Dataset records
----------------------------------------
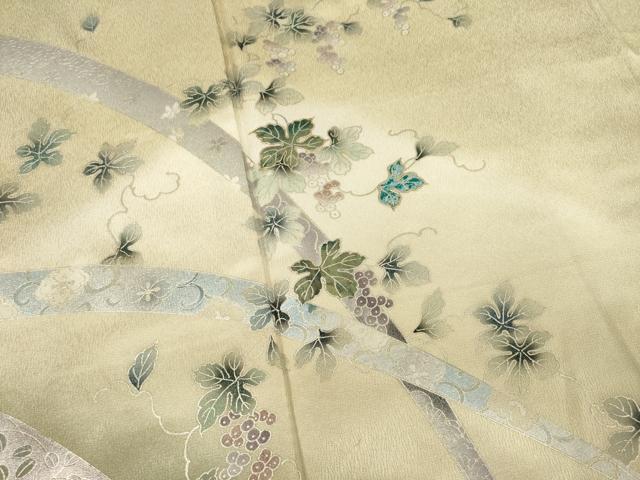 平和屋着物●訪問着　葡萄唐草文　暈し染め　金銀彩　正絹　逸品　未使用　AABF0942ck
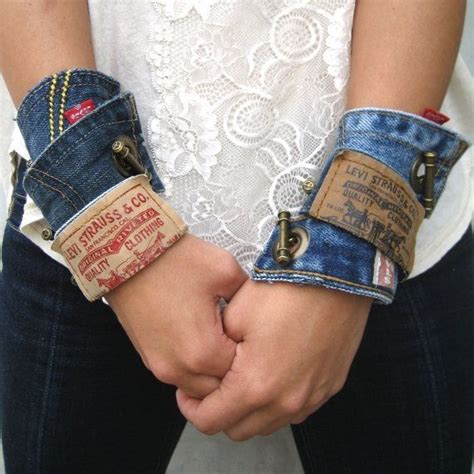 Denim Cuff Bracelets By Pearfortheteacher Recycle Jeans Jeans Diy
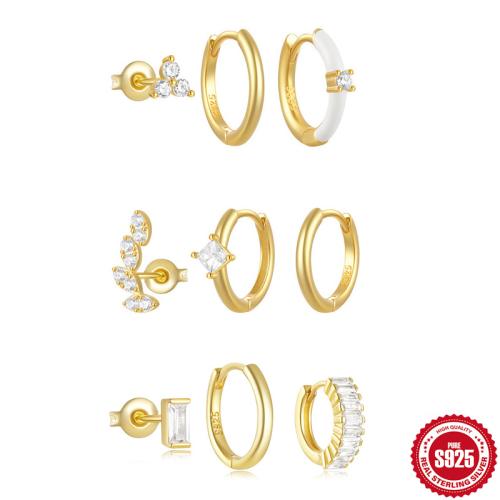 Pendiente de plata cubic zirconia Micro Pave Sterling, plata de ley 925, tres piezas & diferentes estilos para la opción & micro arcilla de zirconia cúbica & para mujer & esmalte, más colores para la opción, Vendido por Set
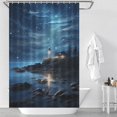 thumbnail image 2 of Lighthouse Sunrise Coast Scenery Pale Blue Tan Shower Curtain Modern Home Bathroom Bathtub Decor Waterproof Fabric with 12PCS Hooks, 2 of 5
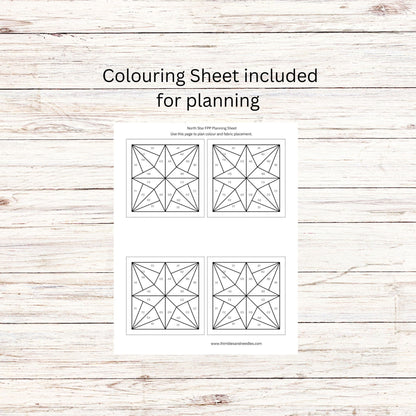North Star FPP Foundation Paper Piecing quilt block pattern Digital Download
----------------------------------------
From the records above, return exactly the lines running from the one that contains "Pendiente de plata" down to the one that contains "thumbnail image 2", both included, without any pictures.

 Pendiente de plata cubic zirconia Micro Pave Sterling, plata de ley 925, tres piezas & diferentes estilos para la opción & micro arcilla de zirconia cúbica & para mujer & esmalte, más colores para la opción, Vendido por Set
 thumbnail image 2 of Lighthouse Sunrise Coast Scenery Pale Blue Tan Shower Curtain Modern Home Bathroom Bathtub Decor Waterproof Fabric with 12PCS Hooks, 2 of 5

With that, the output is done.